These are the tax policies that discriminate against
stay-at-home parents or discriminate based on family type.
These are welfare programs that provide disincentives for
people to find work and that encourage and sustain illegitimacy.
These are policies that fail to punish crime, especially youth
crime, adequately and a massive debt that has led to structural
unemployment in our economy.
What do we propose as the solution? We believe government
must get out of the day care business. We believe in a tax policy
that does not discriminate based on the type of family one has.
We believe in a non-intrusive system of social programs that
helps the truly needy. We believe in a tax policy that continues to
recognize the costs associated with raising children. We believe
in spending cuts in all areas to deal with the debt and the deficit.
We believe long term tax relief must be achieved so that families
may have more freedom to make their own choices.
Reformers are interested in promoting healthy Canadian
families and in helping the truly needy. We do not believe more
social programs are the solution to society's problems. We do
believe in the promotion of the family as the best possible
solution to the majority of Canada's social dysfunction.
6368
Ms. Maria Minna (Beaches-Woodbine): Mr. Speaker, it
is a pleasure for me tonight to speak on this issue, although a
sad one at the same time.
Child poverty in Canada is a clear indication of the failure of
social programs in a society. I believe very strongly that this is
something that we must as a nation take in hand, and take in hand
very quickly.
Poor children are not poor by themselves. They are poor
because their parents are poor. Child poverty does not make for a
healthy future in our society. Our human deficit will be the
future deficit of this country. I believe that firmly.
We talk about the need for a better educated, skilled labour
force all the time in the House. We talk about the deficiency of
skills in the workforce. We talk about the need to train and
educate. We discuss youth crime and retribution. We talk about
how we must punish these young people and put them in jail and
throw away the key sometimes. We talk about harsh punishment
for young children.
We do not discuss openly and honestly why they are that way.
The horrible blight on Canada is child poverty. It is a shame for
this country to be in that position. We must work to eradicate
this.
Children do not get involved in crime and problems all by
themselves. Society has a hand in helping from the time that
they are born whether it be because they are poor, or whether it
be because they are abused in their homes or what have you.
(1845 )
In my view poverty is not just poverty from the point of view
of not having enough food, shelter or clothing. It is also poverty
of the society and the environment around them. Children are
abused in homes all the time.
It is true, so there is no point in arguing about it, that we do not
have social programs that meet the needs of children.
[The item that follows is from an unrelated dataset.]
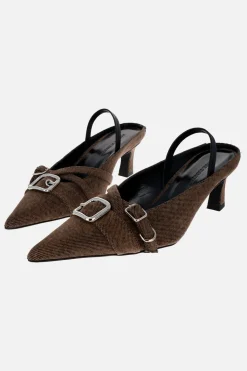 Justine Clenquet Joan denim cola slingbacks Hot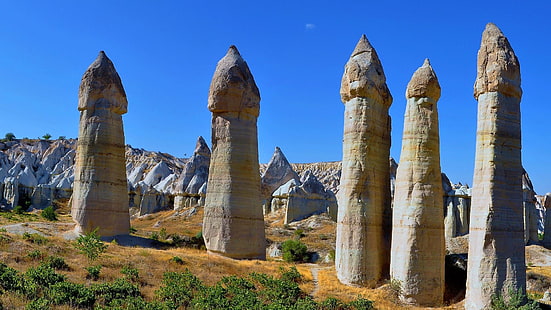 Кападокия, любовна долина, Турция, туристическа атракция, световно наследство на ЮНЕСКО, небе, паметник, скала, туризъм, HD тапет HD wallpaper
We have
seen mental health programs cut when children who need these
programs are in line-ups across the country. That is
unacceptable. How do we expect them to cope when we are not
providing the support system they require? We do not have a
proper child care program. We must provide one. Parents need
that support. We need to have a comprehensive and supportive
system for parents in this situation to cope.
We heard a member across the way talk about the fact that the
only way to recognize poverty was to look at basic fundamental
deficiencies. He indicated that we were looking a little too high
at poverty and that low income was somehow too high a
threshold. He referred proudly to a former member of the House,
Barbara Greene, who was busy trying to raise the threshold of
poverty so that it could be technically wiped out of the books.
That does not get rid of poverty. The people would still be there.
The children would still be there. They would not disappear. We
can change the jargon. We can change the verbiage. We can
change how we describe it. However they are still there; they do
not disappear.
It is the state's business to worry about the children of the
nation. We have a collective responsibility toward our children.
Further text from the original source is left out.